» **Activity**: Once you find the line below that has "PRADA プラダ ダウン ジャケット コート レディース フォックス PRADA", output it and every line after it exactly, stopping after the line that has "Majestic view on", with no pictures.

» **Given entries**:

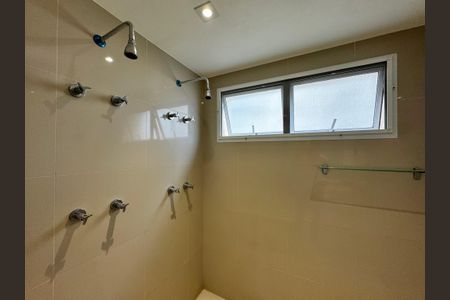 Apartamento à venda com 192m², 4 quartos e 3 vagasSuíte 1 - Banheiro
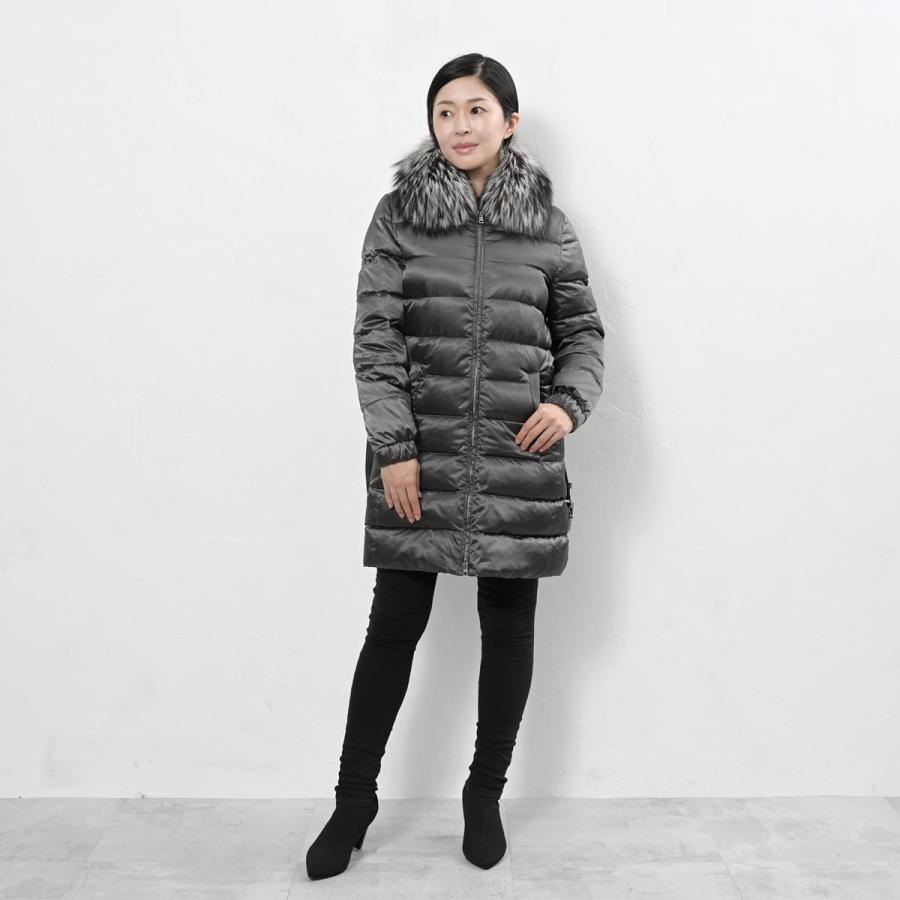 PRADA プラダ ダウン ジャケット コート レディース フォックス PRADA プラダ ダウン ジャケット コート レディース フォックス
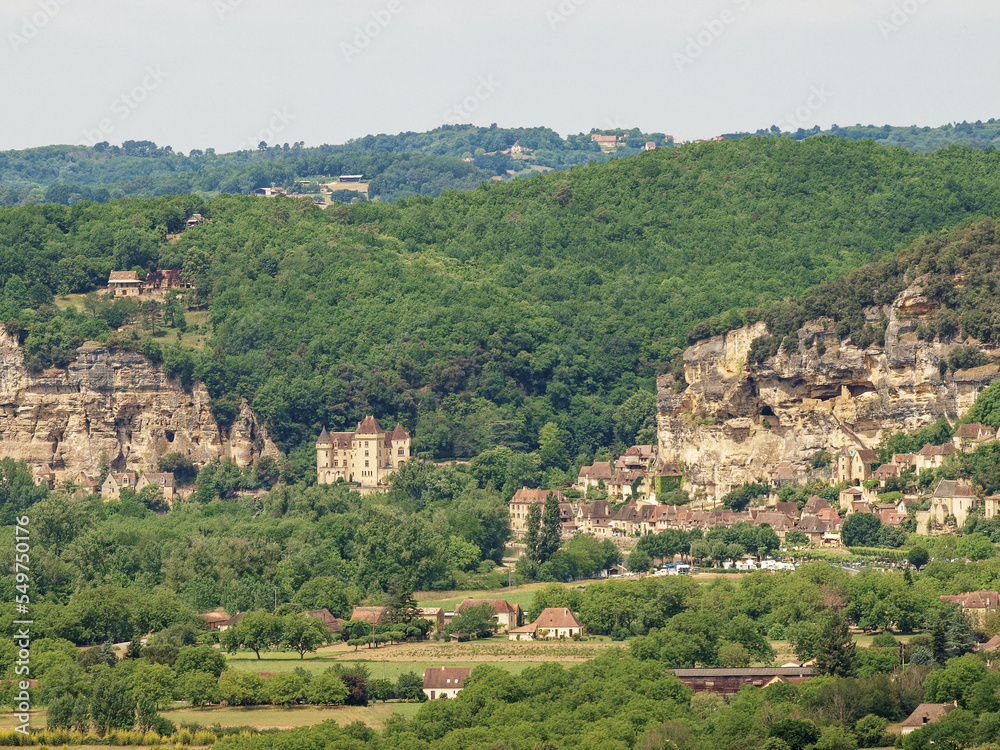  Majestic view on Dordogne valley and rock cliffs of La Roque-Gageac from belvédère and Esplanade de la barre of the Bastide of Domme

* * *

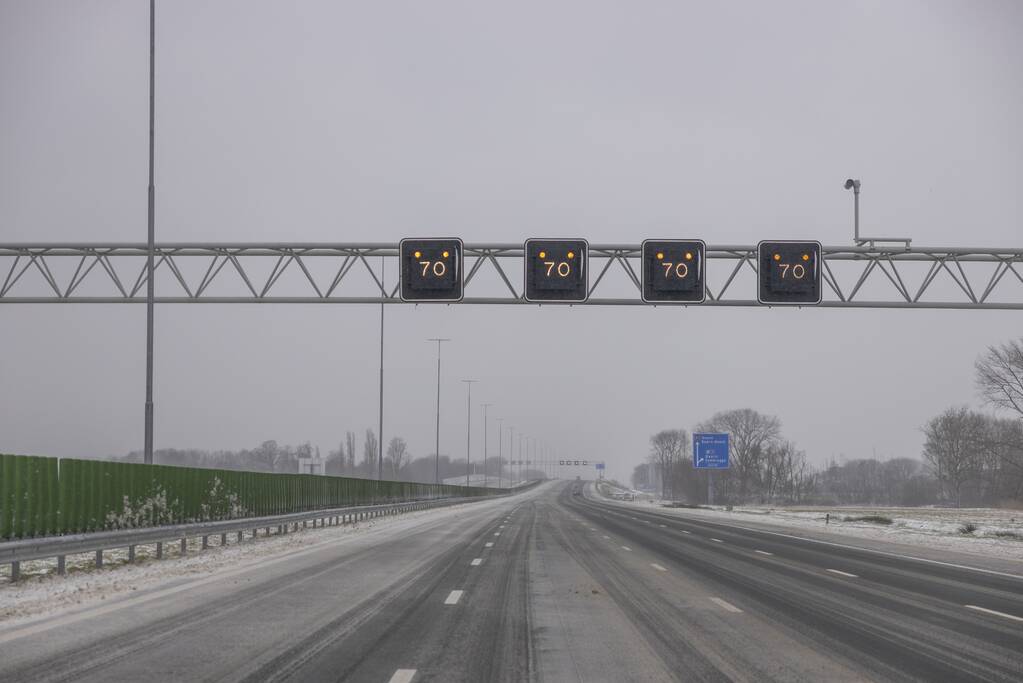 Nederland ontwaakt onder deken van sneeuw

--

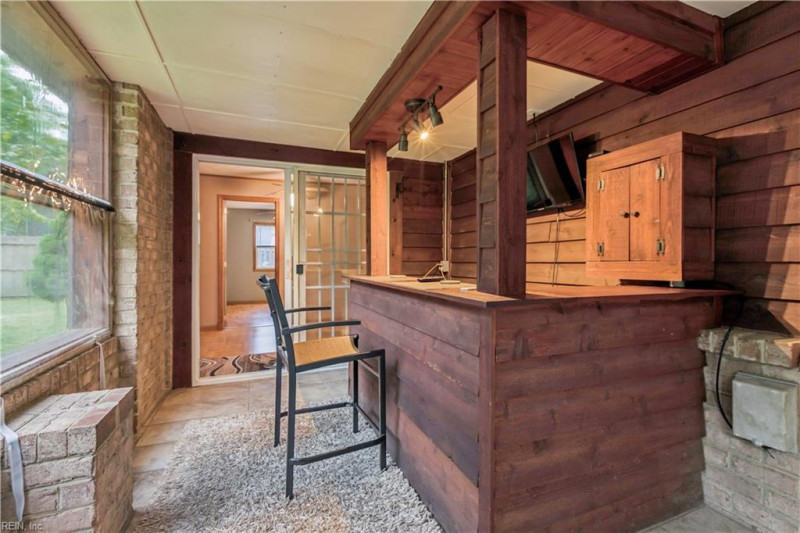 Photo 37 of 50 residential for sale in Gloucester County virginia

» **Task answer**:
 PRADA プラダ ダウン ジャケット コート レディース フォックス PRADA プラダ ダウン ジャケット コート レディース フォックス
  Majestic view on Dordogne valley and rock cliffs of La Roque-Gageac from belvédère and Esplanade de la barre of the Bastide of Domme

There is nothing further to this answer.